SOBRE LAS COSTUMBRES

Las costumbres son formas estables, por lo que su cambio entraña una violencia inaudita, difícil de percibir. Los hombres dejaron de llevar sombrero, y las mujeres medias en verano, a partir de la guerra. La guerra tuvo que ser una violencia extrema solo por esos dos cambios de dinámicas centenarias. Pero quizás fue aún más violenta e intensa si atendemos a otro cambio cotidiano. Una opción, una costumbre con la que nos encontramos cada día. O mejor, cada noche. La cena. Antes de la guerra no existía la cena. Bueno, sí, existía. Entre las clases altas. Se cenaba en caso de fiesta, de ópera, de teatro. Era una ingesta tardía, divertida, fuera de horas, en la noche. El resto de los mortales desayunaba, almorzaba y comía. Nunca cenaba. Se empezó a cenar en la posguerra. La razón: los salarios eran bajos, por lo que se hizo común el pluriempleo y los trabajos dilatados. Una explotación mayor y sin eufemismos. Íntima. La guerra, en fin, se hizo para eso. Cenar era la única opción posible para que una familia comiera junta, por la noche. Millones de personas que habían perdido una guerra, aunque nominalmente algunas la hubieran ganado, empezaron a cenar. Para estar juntas. Cenar era recibir del trabajo, era ofrecer ese otro trabajo que son los alimentos cocinados, era reunirse. Era, por tanto, negar la guerra, la victoria y sus directrices. Posiblemente la cena –esa palabra que tuvo que empezar como un chiste; era un vocablo de un lujo nunca vivido, nunca experimentado– fue la única victoria para los derrotados. Supongo que por eso da tan buen rollo cenar, aún hoy, mientras el resto de Europa duerme. Es, lo dicho, una victoria. Absoluta. Es lo inesperado. Es seguir juntos, con dignidad, pese a la realidad.

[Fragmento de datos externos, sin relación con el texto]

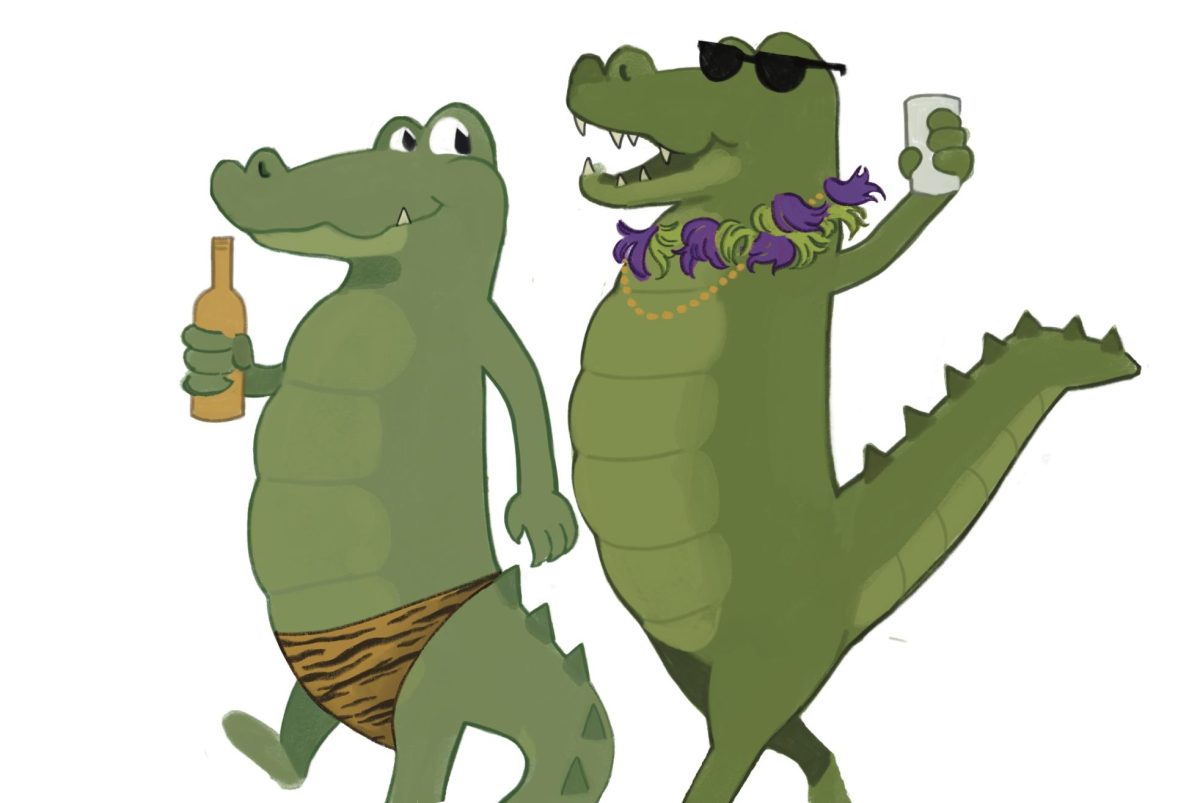 Spring Break in the Bible Belt: Gators Gone Wild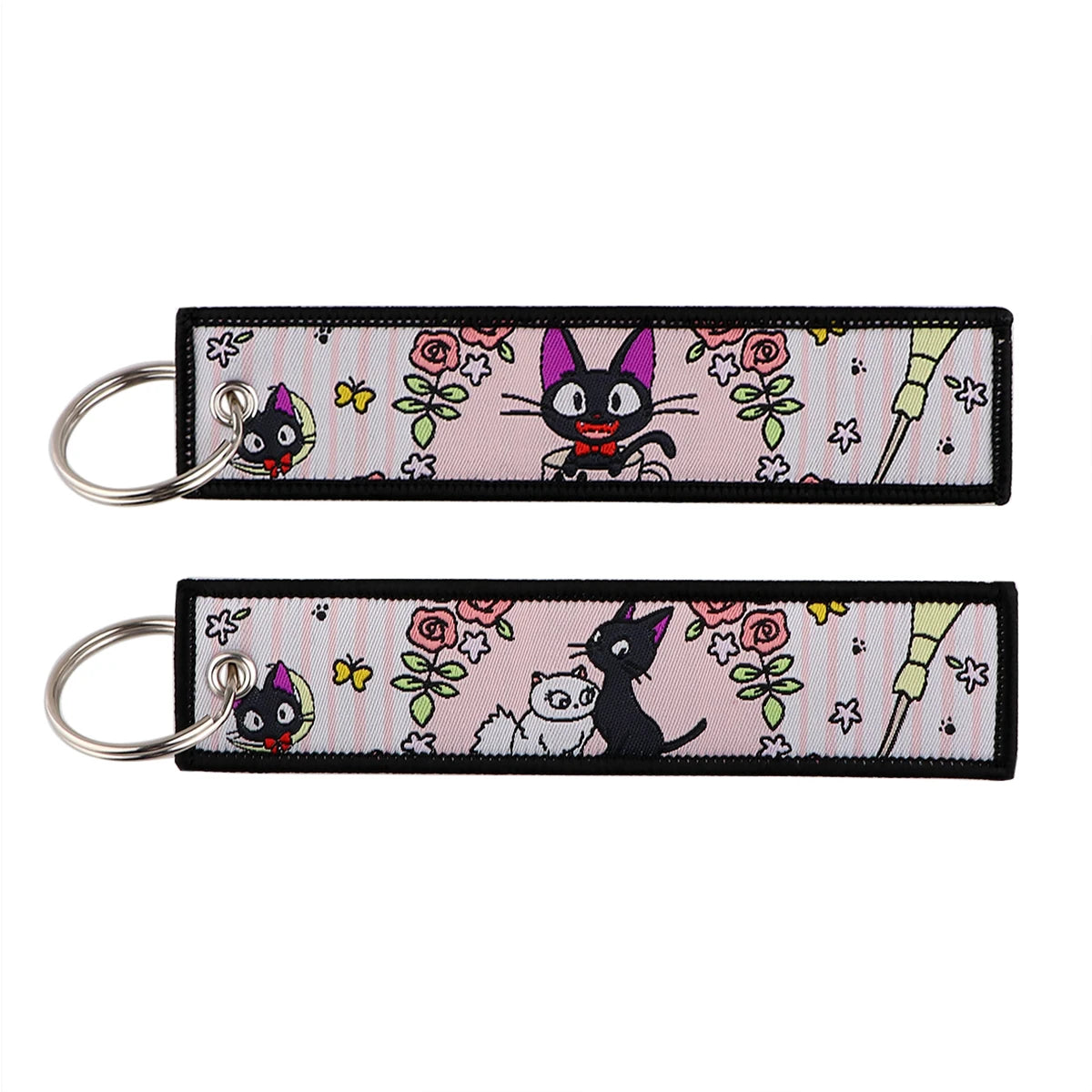 Studio Ghibli - Anime Film Fabric Keychain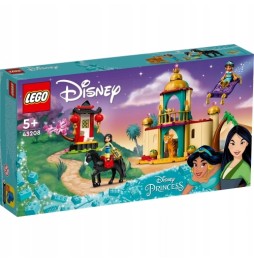 LEGO Disney Aventură cu Jasmine și Mulan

Hoy, los salarios son bajos, por lo que se ha hecho común el pluriempleo y los trabajos dilatados. Es una explotación mayor y sin eufemismos. Íntima. Por lo que, supongo, ha habido una guerra. Las guerras, en fin, se hacen para eso. Y la hemos perdido. La violencia ha sido tan extrema que tendrá que sellarse en cambios de costumbres. Tengo verdadero terror a que eso suceda en la cena, aquella burla, aquel momento de encuentro inventado por nuestros antepasados. Era nuestra única victoria, por lo que es lógico que nos la quiten. No sé cómo se hará. No sé en qué consistirá. Igual desaparecerá la cena. Igual desaparecerán algunos de sus integrantes. Los más débiles. Los que menos aportan. Por las calles duermen personas, en fin, que han dejado de aportar y de ser invitadas a una cena. Tengo miedo a que un día estemos cenando, o lo que sea que hagamos en lugar de la cena, y que veamos un nuevo paisaje, una nueva costumbre. Y la consideremos normal, como todas las costumbres. Las costumbres, en fin, son estables, por lo que entrañan una violencia inaudita, difícil de percibir.